Appeal by the Wabash Railway Company from an order of the Supreme Court, made at the Otsego Special Term and entered in the office of the clerk of the county of Delaware on the 8th day of February, 1923, requiring said Wabash Railway Company, a foreign corporation, to issue and deliver to the petitioner a new certificate for 100 shares of its common stock in the place of one lost or destroyed, and requiring the petitioner to deposit with said corporation a surety company bond in the sum of $2,000.
Pierce & Greer [H. Brua Campbell and Window S. Pierce of counsel], for the appellant.
Samuel H. Fancher, for the respondent.

Opinion:
H. T. Kellogg, Acting P. J. :
An order has been made directing the Wabash Railway Company, a foreign corporation, to issue a new certificate of stock to the petitioner in place of a lost certificate, on condition that the petitioner deposit with the corporation a certain bond of indemnity. Justification for the granting of the order is sought in sections 67 and 68 of the Stock. Corporation Law. Section 68 provides for the issuance of a new in the place of a lost or destroyed certificate upon the filing of a bond " to indemnify any person other than the petitioner who shall thereafter be found to be the lawful owner of the certificate lost or destroyed." The section further provides: " Any person claiming any rights under the certificates alleged to have been lost or destroyed shall have recourse to such indemnity and the corporation issuing such certificate shall be discharged from all liability to such person upon compliance with such order." It is evident that a non-resident, proving himself to be the true owner of a certificate of stock in a corporation organized under the laws of a foreign State, would not, in the courts of that State, be denied a remedy to enforce his rights of stock ownership against such corporation, upon the ground that the courts of this State, assuming to act under the section in question, had attempted to deprive him of such a remedy and to substitute in lieu thereof a right of action upon a bond of indemnity. The courts of a foreign State would not concede that a statute of this State had extraterritorial effect to accomplish such a result or that the courts here had acted with jurisdiction. Furthermore, assuming that our statute was intended to apply in such a case, it could not be given effect, since it would have the result of depriving the true owner of his property without notice and without due process of law. For these reasons we think that the provisions of sections 67 and 68 were not intended to have application in cases of lost or destroyed certificates of stock in a foreign corporation. It may be well to add that the provisions of the sections, if regarded as applying to domestic corporations alone, present no constitutional difficulties. The Legislature of this State bestows upon a domestic corporation the right to issue certificates of stock.

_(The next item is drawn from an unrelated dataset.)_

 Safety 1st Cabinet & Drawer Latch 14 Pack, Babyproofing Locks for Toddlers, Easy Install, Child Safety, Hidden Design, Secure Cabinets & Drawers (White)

Having the power either to withhold or to grant such authority it may accompany a grant with appropriate conditions as to the termination of stock ownership acquired thereunder.

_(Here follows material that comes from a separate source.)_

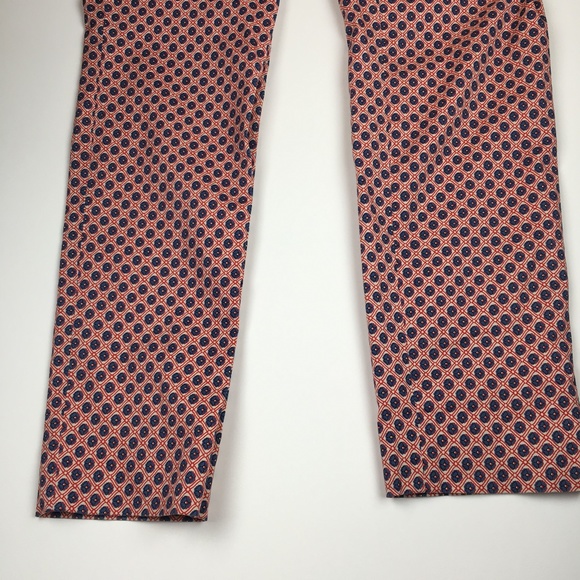 J Crew Pant Cafe Capri Red Blue Micro Floral Print - Picture 8 of 11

The order should be reversed, with costs, and the application denied, with costs.
Van Kirk and Hinman, JJ.., concur; Hasbrouck, J., concurs for a reversal, but with the privilege of a new hearing conducted in compliance with the statute.
Order reversed on the law, with ten dollars costs and disbursements, and motion denied, with ten dollars costs»
See Stock Corp. Law of 1923, § 75, 76, in effect October 1, 1923. (See Laws of 1923, chap. 787, § 3, 5, 6.) See, also, Pers. Prop. Law, § 178, 179, 183 184, 185, as added by Laws of 1913, chap. 600, known as the Uniform Stock Transfers Act.— [Rep.